The Need for Counselling

Too often children who are placed in alternative care, or children who have been moved from an institution to a family – whether it be their own or a new one – are not provided with any counselling. This is a big problem and can even cause a ‘placement break-down’. Meaning it turns out not to be possible any longer for a child to stay in the family she was placed in – even if it was her own – because of emotional and behavioural problems.

When a child is placed in family-based alternative care, she has already been through a lot. Whether she has been taken from an institution – or ‘orphanage’ – to be placed in a family, or whether she has been removed from her own family for her own safety, or because there are no relatives left to take care of her, it is a lot to deal with for a child. It does not matter that the situation that she is moved to is better than the one she came from, she is still going to be severely affected by her troubled – and often traumatising – background.

Counselling should be available, preferably all the way through the process, from before the child is moved, through the move, and until after the child has settled in. Counselling meaning someone who is trained to provide psychological support regularly talking with the child, helping her express how she feels about the situation, what is troubling her and what her main fears are. The counsellor can then also talk with the child, in a way appropriate to her age, developmental level and experiences, to help her process what is happening or what has happened to her and helping her to cope with things. All of this is done confidentially, so the child does not need to worry that other people will find out what she talks about with the counsellor.

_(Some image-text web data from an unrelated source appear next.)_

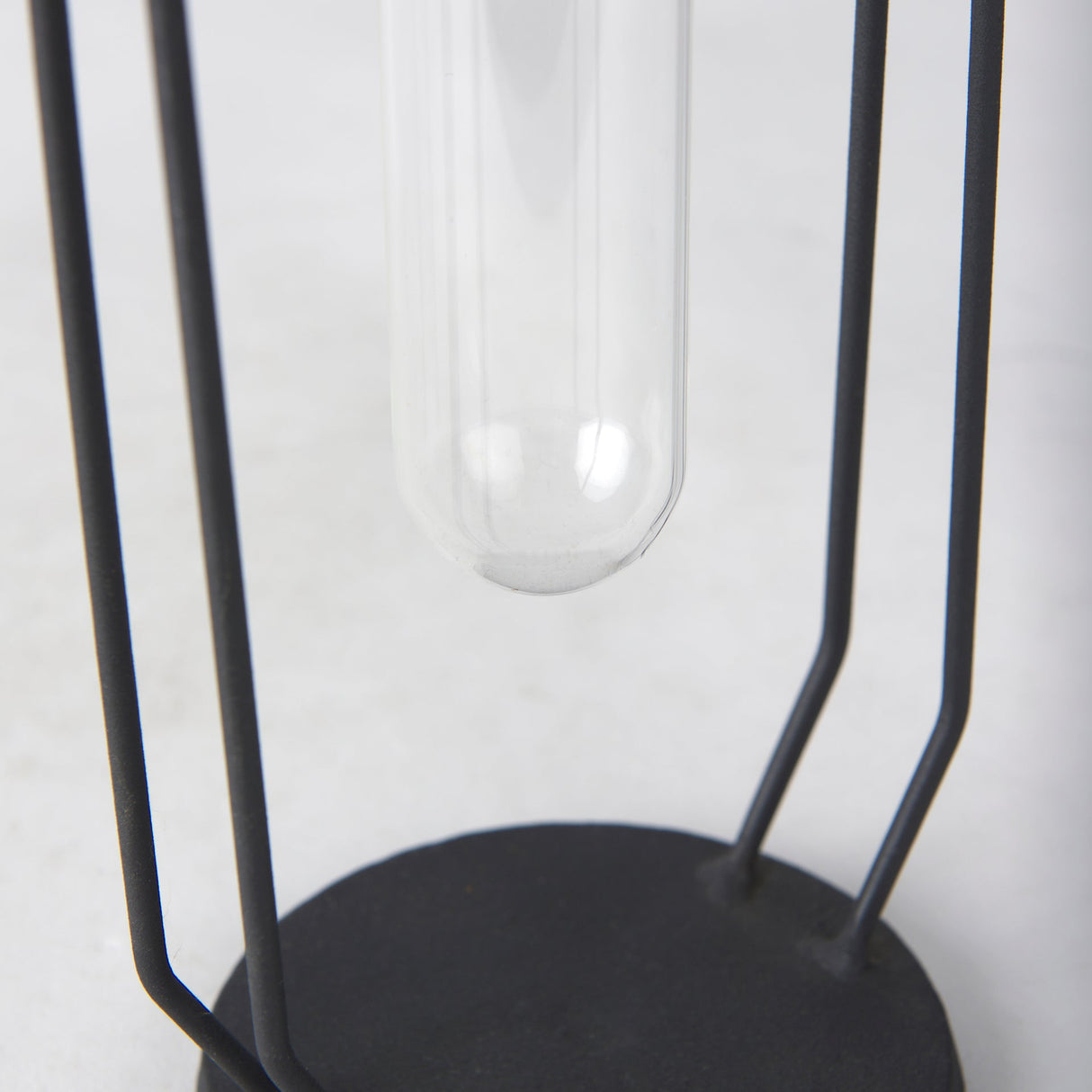 Aria 4.5L x 3.9W x 11.0H Metal and Glass Holder Object by Mercana at Eve Furniture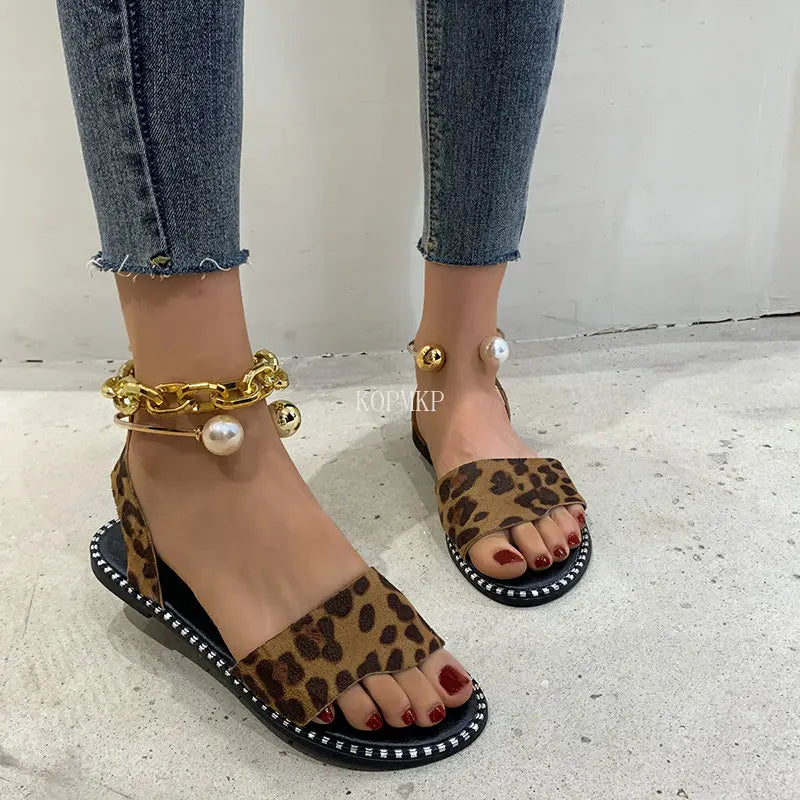 Nieuw Zomergloed Parels Sandalen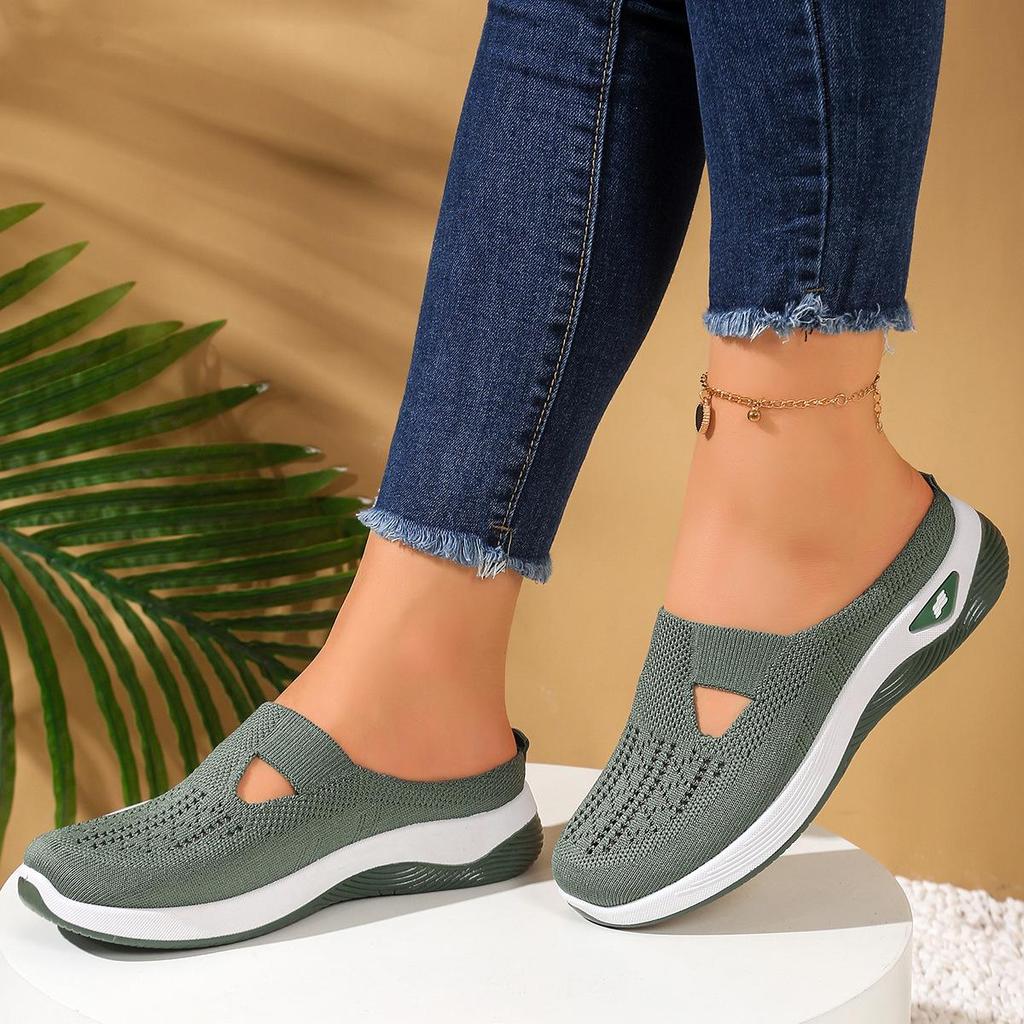Women's 2025 Summer Soft Sole Breathable Casual Sneakers for Middle-Aged and Elderly Mothers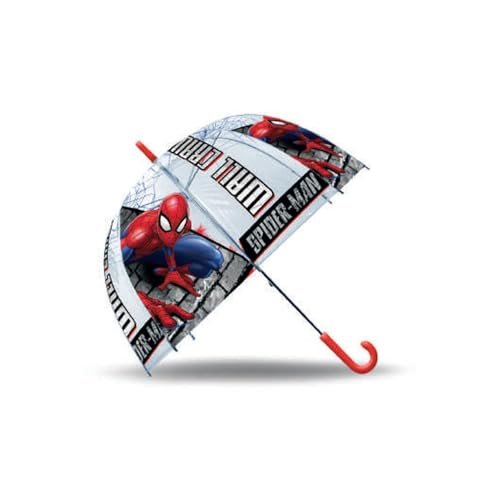 SRV Hub Parasol dla dzieci, zabawny wzór George, wiatroszczelny, wodoodporny, lekki parasol z uchwytem przyjaznym dla dzieci, trwały poliester PCW dla chłopców i dzieci w wieku 3-7 lat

It sounds like a small thing, to talk about what has happened to you or what you are feeling, but having this opportunity and receiving this support makes an enormous difference. Having a way of working through traumatic experiences and emotional turmoil can make a great difference in how secure the child feels and to what extent she is able to allow herself to trust the people she is going to live with. It also makes a big difference in whether or not underlying psychological and emotional problems cause very serious challenging behaviour.

For successful placement in families, wherever the child has come from before that placement, it is essential to provide the child – and sometimes the family as well – with counselling. It is a relatively small thing that can make a big difference.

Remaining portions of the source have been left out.